Lecture 6: Training Dynamics and Regularization

Duration: ~45 minutes

Slides: 37

Prerequisites: Lecture 5

Learning Objectives

After completing this lecture, you should be able to:

Distinguish between batch, mini-batch, and stochastic gradient descent
Explain overfitting and why it’s problematic
Apply L1 and L2 regularization
Understand and implement dropout
Use early stopping to prevent overfitting
Design train/validation/test splits

Key Concepts

1. Batch vs.
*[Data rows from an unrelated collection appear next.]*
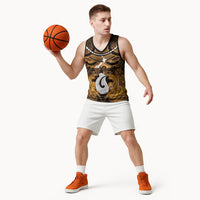 Personalised Maori Matariki Hei Matau Kowhai Basketball Jersey Maori Kowhaiwhai Pattern Galaxy LT01 - Polynesian Pride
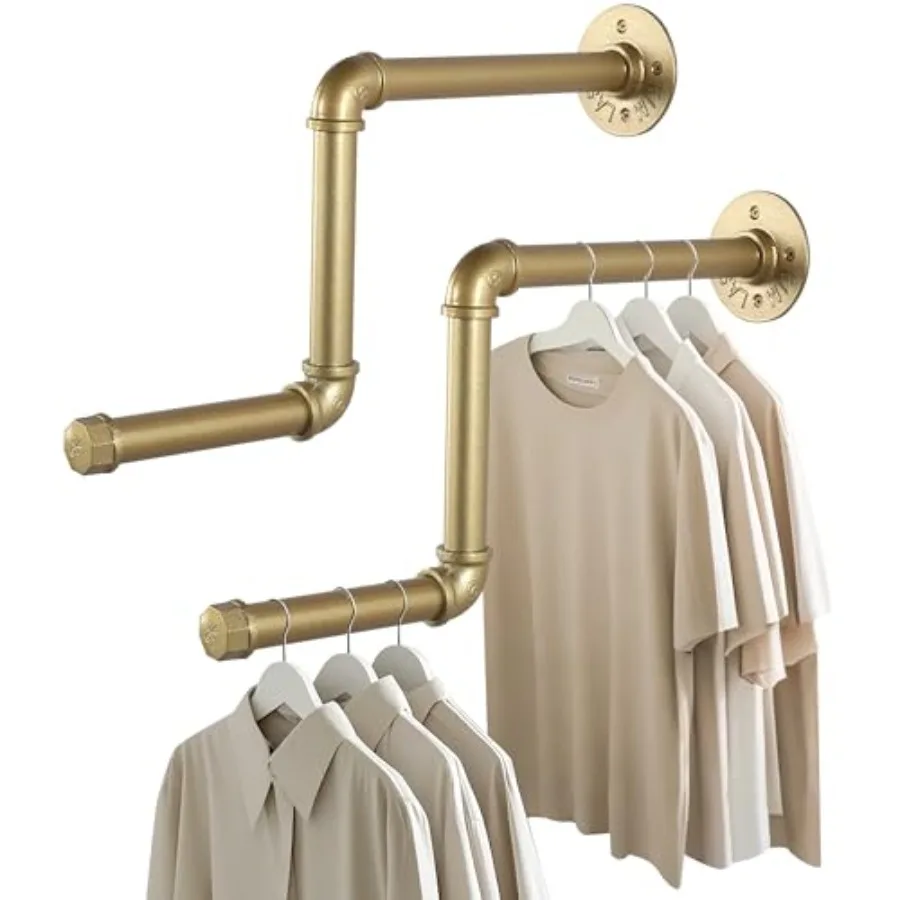 

Industrial Pipe Clothing Rack 2 Pack Wall Mounted Clothes Rack for Hanging Clothes 18Inch Detachable Garment Bar for Bedroom Ba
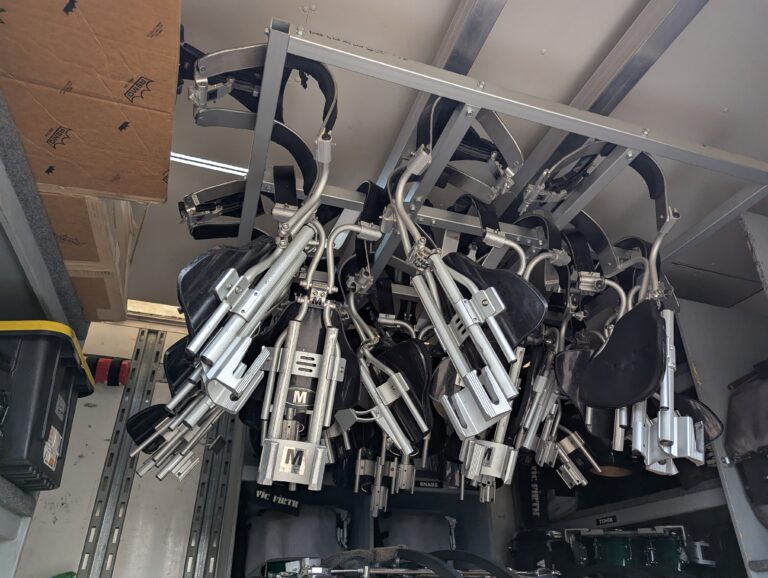 Drumline Carrier storage grid full in band trailer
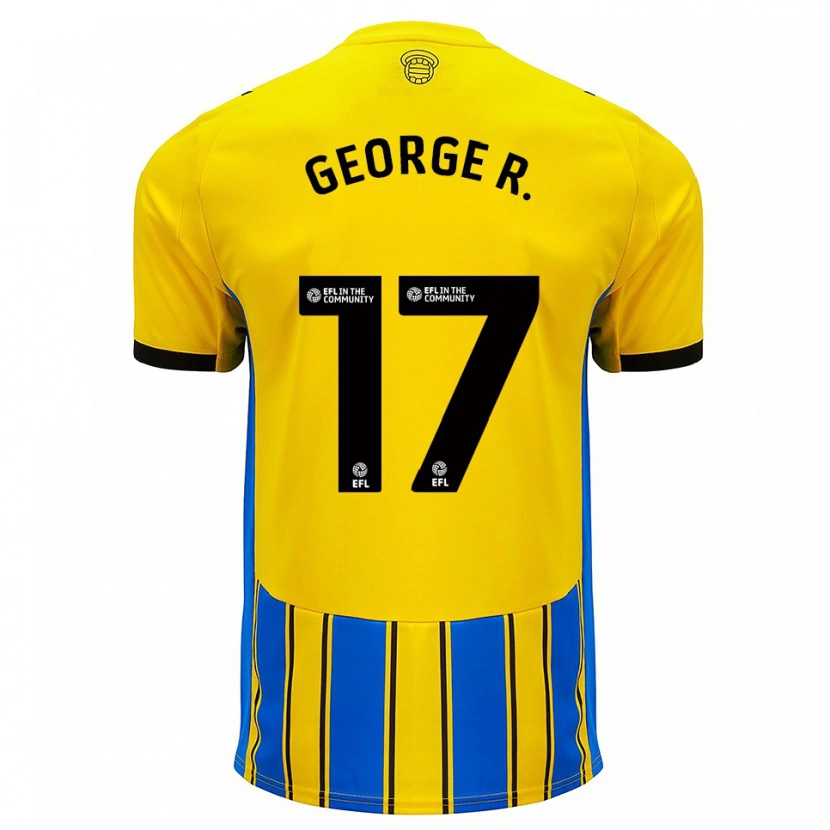 Danxen Uomo Maglia George Robinson #17 Blu Giallo Kit Gara Away 2025/26 Maglietta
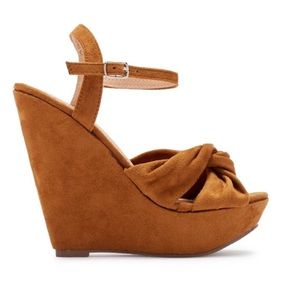 Chase + Chloe Tan Suede Platform Wedge Sandals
Stochastic Gradient Descent

Batch Gradient Descent:

Compute gradient using ALL training examples
Update weights once per epoch
Accurate gradient estimate
Slow for large datasets
Memory intensive

Stochastic Gradient Descent (SGD):

Compute gradient using ONE training example
Update weights after each example
Noisy gradient estimate
Fast updates
Can escape local minima

Mini-Batch Gradient Descent (Best of Both):

Compute gradient using a small batch (32-256 examples)
Balance between accuracy and speed
Efficient hardware utilization
Most commonly used in practice

Method	Batch Size	Updates/Epoch	Gradient Quality
Batch	All (n)	1	Accurate
Mini-Batch	32-256	n/batch_size	Good
Stochastic	1	n	Noisy

2. Training Curves

Monitoring training progress is essential for understanding model behavior.

What to plot:

Training loss over epochs
Validation loss over epochs
Gap between training and validation

Healthy training:

Both losses decrease
Small gap between train/val loss
Smooth convergence

Unhealthy signs:

Training loss increases: Learning rate too high
Large train/val gap: Overfitting
Flat training loss: Vanishing gradients or learning rate too low

3. Overfitting: The Enemy of Generalization

Definition: Overfitting occurs when a model performs well on training data but poorly on new, unseen data.

Why it happens:

Model is too complex relative to data
Training data isn’t representative
Training too long

The problem for finance:

Model memorizes historical patterns
Patterns may not repeat in the future
Leads to poor live trading performance

Click chart to view Python source code

Signs of overfitting:

Training loss continues to decrease
Validation loss starts increasing
Perfect training accuracy but poor test accuracy

4. Train/Validation/Test Split

Three-way split:

Split	Purpose	Typical Size
Training	Learn weights	60-80%
Validation	Tune hyperparameters	10-20%
Test	Final evaluation	10-20%

Critical rules:

NEVER use test data during training or tuning
Test set provides unbiased final estimate
Validation set is for model selection

Finance consideration: Use time-based splits (more in Lecture 7):

Train: Jan 2010 - Dec 2018
Validation: Jan 2019 - Dec 2020
Test: Jan 2021 - Dec 2022

5. L2 Regularization (Weight Decay)

L2 regularization penalizes large weights by adding a term to the loss.

Modified loss:

L_total = L_original + lambda * sum(w_i^2)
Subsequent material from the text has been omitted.